What Kind of Politics Do We Need? Toward Freedom as Responsibility in Habermas’s and Rorty’s Visions of Democracy
- Year of publication: 2017
- Source: Show
- Pages: 50-68
- DOI Address: https://doi.org/10.15804/kie.2017.02.03
- PDF: kie/116/kie11603.pdf
Isaiah Berlin said that it is part of the human condition to make choices between absolute values. Obviously, this choice cannot be easy. To be well informed, it has to be made in full awareness of the contingency of our criteria. This ability to make choices between absolute values in the light of contingencies is what distinguishes a civilized man from a barbarian, says Berlin, following Joseph Schumpeter. Similar ideas can be found in the philosophy of Richard Rorty, who believes that our liberal societies create more people who understand the contingencies of their vocabularies, but at the same time are still faithful to them. He calls this “freedom as acknowledgement of contingency.” This freedom is bound by the existence of a plurality of voices, which does not mean that it is bound by the existence of chaos. In such a spirit, Jürgen Habermas emphasizes the fact that in spite of the plurality of contingent views, we can find a unity of reason. In spite of plurality of views, we can still come to an agreement thanks to dialogue.

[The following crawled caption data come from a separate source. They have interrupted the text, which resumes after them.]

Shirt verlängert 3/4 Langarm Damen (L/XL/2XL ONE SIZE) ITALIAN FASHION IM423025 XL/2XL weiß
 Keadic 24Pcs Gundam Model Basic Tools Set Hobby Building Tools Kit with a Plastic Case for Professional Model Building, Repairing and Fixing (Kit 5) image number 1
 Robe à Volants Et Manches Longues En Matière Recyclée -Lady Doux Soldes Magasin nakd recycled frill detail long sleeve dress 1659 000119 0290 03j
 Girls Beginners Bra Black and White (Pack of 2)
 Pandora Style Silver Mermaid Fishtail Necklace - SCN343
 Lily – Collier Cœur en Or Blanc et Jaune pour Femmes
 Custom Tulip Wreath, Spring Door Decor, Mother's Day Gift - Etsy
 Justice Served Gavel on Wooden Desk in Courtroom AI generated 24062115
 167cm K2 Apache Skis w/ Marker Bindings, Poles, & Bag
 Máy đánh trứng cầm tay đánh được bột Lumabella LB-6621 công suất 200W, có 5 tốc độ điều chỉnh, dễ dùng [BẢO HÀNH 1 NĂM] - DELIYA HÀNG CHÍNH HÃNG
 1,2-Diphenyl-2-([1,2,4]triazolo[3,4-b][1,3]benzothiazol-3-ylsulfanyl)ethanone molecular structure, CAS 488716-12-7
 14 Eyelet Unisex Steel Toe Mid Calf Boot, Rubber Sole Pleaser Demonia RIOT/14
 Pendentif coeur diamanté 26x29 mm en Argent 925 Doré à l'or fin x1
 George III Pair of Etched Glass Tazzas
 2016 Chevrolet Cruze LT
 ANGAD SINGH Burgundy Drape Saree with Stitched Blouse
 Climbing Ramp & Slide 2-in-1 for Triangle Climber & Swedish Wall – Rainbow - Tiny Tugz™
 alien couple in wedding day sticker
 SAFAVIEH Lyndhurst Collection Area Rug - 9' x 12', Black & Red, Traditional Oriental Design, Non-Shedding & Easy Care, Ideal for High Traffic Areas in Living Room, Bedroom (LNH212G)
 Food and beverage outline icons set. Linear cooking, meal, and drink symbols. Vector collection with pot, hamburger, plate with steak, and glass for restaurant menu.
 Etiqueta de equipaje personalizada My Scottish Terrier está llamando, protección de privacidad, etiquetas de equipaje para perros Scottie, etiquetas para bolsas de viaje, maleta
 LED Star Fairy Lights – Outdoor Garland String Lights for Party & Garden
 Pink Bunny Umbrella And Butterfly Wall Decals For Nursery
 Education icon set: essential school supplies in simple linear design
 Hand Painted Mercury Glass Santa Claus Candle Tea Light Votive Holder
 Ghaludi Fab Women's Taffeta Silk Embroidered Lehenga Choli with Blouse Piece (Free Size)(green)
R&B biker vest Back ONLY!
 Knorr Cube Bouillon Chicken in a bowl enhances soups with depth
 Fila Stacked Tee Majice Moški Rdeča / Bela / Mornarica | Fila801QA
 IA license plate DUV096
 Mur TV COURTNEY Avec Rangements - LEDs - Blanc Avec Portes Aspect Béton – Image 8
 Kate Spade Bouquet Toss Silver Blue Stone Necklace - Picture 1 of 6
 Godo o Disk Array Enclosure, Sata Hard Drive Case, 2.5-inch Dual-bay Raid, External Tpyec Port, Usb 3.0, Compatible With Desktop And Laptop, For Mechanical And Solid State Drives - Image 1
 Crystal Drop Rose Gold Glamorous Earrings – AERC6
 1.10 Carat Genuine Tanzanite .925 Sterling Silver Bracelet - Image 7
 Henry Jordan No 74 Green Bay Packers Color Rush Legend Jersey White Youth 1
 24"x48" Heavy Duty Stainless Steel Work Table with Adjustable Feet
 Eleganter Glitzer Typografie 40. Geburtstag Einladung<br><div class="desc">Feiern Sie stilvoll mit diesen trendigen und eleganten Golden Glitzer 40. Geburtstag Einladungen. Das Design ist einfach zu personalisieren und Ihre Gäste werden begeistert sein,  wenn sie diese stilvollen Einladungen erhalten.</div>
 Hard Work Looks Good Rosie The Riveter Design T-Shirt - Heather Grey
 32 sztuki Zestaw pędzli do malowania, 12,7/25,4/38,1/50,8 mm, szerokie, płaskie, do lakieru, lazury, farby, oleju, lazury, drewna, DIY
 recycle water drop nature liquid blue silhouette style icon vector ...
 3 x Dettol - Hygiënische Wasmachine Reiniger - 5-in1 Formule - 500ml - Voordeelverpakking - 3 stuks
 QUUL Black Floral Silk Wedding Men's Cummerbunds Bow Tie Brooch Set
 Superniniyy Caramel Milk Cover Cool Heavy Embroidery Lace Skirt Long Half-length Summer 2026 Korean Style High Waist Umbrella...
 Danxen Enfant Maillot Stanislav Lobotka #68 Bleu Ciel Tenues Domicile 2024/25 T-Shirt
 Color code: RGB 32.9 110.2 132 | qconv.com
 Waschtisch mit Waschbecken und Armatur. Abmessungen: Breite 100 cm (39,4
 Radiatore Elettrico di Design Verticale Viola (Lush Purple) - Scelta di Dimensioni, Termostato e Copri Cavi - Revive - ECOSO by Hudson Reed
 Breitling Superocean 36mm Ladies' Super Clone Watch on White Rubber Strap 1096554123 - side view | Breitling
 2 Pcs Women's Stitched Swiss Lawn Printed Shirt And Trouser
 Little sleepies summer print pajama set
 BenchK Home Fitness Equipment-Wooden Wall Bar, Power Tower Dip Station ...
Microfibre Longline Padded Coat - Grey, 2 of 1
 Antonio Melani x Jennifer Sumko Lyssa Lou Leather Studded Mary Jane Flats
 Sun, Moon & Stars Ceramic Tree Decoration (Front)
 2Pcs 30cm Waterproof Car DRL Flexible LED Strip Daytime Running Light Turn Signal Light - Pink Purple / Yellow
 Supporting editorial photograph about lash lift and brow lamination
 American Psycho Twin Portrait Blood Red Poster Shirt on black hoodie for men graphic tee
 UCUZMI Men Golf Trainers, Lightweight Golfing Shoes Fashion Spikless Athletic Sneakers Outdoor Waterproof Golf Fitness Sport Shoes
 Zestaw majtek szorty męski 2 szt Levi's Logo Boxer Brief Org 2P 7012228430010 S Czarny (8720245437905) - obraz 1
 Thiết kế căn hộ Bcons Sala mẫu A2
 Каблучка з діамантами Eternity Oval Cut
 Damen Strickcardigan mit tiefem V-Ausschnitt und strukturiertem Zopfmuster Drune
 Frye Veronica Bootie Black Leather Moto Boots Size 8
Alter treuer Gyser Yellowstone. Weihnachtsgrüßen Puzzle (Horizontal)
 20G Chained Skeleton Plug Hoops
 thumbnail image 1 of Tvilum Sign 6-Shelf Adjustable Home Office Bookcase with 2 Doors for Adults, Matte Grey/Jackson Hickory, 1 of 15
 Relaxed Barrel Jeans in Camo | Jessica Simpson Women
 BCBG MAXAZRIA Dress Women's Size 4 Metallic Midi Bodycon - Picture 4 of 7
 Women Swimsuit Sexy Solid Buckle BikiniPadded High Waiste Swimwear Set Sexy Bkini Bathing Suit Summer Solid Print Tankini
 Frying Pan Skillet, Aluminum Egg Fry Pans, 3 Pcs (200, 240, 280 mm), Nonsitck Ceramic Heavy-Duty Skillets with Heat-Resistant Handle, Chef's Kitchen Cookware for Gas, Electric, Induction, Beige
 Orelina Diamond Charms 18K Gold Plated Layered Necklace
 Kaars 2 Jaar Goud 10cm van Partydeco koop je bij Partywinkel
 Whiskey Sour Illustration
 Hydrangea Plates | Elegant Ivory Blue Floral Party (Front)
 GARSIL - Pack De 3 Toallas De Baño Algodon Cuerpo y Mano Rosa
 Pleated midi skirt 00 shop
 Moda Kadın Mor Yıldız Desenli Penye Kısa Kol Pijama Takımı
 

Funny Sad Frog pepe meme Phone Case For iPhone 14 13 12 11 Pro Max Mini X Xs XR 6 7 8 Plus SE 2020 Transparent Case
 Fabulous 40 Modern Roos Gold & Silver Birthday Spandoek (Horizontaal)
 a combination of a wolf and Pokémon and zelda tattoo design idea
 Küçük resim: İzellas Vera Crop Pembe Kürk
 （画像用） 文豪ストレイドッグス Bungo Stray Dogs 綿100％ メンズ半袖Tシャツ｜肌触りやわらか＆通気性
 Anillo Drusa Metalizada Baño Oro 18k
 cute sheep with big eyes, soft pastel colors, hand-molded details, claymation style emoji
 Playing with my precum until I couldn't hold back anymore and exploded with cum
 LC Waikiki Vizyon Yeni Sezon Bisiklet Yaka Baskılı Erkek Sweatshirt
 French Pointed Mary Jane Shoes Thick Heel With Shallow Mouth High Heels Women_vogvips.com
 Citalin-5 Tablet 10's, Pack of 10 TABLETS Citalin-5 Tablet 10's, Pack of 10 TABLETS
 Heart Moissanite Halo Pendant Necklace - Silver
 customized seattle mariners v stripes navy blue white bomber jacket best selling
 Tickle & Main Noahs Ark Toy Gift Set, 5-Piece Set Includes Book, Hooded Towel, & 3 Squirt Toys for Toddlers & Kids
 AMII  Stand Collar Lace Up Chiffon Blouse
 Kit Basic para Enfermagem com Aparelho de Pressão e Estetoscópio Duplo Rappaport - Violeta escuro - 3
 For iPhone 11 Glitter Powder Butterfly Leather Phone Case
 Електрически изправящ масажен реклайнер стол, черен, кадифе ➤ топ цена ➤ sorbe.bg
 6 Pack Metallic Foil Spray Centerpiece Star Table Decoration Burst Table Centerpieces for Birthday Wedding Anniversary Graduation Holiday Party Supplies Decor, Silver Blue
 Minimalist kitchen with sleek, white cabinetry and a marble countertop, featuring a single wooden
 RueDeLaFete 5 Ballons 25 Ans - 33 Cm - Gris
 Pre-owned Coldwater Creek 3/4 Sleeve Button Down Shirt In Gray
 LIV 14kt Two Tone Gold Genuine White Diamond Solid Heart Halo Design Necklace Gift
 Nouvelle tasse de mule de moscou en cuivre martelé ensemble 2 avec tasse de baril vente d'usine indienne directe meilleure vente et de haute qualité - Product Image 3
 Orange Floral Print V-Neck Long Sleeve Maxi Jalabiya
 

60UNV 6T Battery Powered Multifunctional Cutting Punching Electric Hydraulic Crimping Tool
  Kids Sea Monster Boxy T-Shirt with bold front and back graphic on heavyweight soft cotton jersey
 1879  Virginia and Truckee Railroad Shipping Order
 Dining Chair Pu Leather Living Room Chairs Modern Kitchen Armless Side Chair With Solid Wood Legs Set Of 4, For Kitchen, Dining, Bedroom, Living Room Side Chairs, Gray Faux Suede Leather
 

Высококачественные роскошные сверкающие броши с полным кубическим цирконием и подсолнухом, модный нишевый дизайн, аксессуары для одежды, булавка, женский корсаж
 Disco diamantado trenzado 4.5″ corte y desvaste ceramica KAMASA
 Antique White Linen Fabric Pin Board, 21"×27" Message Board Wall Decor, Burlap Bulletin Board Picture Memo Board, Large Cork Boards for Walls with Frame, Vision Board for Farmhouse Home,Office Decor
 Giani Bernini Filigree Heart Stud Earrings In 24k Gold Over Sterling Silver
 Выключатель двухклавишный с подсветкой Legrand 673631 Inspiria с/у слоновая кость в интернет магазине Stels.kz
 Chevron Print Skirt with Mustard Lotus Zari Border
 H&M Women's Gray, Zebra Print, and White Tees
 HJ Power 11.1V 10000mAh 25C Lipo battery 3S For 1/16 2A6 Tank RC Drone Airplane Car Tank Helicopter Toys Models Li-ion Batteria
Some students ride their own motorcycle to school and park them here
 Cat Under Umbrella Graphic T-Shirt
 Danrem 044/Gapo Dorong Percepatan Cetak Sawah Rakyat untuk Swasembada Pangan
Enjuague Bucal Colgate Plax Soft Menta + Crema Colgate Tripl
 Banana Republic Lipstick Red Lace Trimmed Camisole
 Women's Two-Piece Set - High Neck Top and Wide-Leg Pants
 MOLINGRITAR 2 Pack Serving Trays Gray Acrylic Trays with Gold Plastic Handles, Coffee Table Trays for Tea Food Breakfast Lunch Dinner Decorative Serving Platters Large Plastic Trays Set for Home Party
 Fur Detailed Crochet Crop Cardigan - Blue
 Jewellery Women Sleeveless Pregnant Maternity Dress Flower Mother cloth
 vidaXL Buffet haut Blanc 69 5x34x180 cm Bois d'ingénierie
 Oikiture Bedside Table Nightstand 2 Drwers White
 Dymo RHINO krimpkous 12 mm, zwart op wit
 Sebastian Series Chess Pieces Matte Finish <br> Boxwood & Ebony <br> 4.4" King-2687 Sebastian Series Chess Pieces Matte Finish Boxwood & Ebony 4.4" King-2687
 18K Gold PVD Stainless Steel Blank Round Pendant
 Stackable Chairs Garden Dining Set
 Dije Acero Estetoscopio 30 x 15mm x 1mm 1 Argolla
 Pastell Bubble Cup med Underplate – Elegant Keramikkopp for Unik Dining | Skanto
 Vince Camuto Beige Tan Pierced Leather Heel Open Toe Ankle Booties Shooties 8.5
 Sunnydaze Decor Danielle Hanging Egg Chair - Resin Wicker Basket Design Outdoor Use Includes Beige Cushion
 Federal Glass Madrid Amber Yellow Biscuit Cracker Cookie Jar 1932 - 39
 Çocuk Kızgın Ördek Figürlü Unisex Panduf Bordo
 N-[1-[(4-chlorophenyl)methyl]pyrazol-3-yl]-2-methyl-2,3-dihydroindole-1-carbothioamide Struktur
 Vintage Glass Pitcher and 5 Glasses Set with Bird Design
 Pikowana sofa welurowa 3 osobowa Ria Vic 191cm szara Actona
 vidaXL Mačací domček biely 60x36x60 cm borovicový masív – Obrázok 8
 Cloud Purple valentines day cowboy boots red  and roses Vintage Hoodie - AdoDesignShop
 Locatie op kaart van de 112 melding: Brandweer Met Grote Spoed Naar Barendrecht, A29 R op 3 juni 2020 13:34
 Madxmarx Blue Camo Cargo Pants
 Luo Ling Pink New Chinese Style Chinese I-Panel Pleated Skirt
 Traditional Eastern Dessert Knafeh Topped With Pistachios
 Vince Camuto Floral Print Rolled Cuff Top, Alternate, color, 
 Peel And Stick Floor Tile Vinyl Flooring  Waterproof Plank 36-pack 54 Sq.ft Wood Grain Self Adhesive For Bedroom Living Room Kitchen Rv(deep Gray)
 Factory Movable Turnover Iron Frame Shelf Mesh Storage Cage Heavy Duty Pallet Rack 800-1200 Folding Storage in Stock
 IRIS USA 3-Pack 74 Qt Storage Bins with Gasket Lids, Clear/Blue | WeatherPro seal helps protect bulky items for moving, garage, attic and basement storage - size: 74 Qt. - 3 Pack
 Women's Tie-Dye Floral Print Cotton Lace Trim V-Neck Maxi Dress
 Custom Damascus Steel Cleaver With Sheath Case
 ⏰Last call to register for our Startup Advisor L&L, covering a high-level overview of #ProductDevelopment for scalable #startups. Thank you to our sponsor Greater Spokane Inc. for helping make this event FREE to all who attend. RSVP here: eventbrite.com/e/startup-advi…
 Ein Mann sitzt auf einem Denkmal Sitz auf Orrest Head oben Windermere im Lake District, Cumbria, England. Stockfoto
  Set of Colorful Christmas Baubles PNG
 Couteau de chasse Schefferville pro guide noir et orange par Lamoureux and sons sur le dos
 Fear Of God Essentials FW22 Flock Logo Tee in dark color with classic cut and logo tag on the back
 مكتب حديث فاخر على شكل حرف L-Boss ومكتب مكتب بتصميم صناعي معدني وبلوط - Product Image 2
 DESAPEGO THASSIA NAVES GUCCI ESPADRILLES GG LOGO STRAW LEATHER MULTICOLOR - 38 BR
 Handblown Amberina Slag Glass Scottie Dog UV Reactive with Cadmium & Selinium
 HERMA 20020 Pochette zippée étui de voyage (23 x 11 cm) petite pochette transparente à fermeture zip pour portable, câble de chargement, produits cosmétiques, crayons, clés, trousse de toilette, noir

The close analysis of Rorty’s and Habermas’s philosophy allows us to see that they share a common stance: thanks to disenchantment of the world, as Rorty says, or thanks to decentralization of the world, as Habermas says. Both are seeing such stance as a precondition to use our freedom in a way to be more tolerant, more open to dialogue and responsible for it. Further analysis allows us to see that there is a possibility to present a new understanding of the notion of freedom-freedom conceived as responsibility.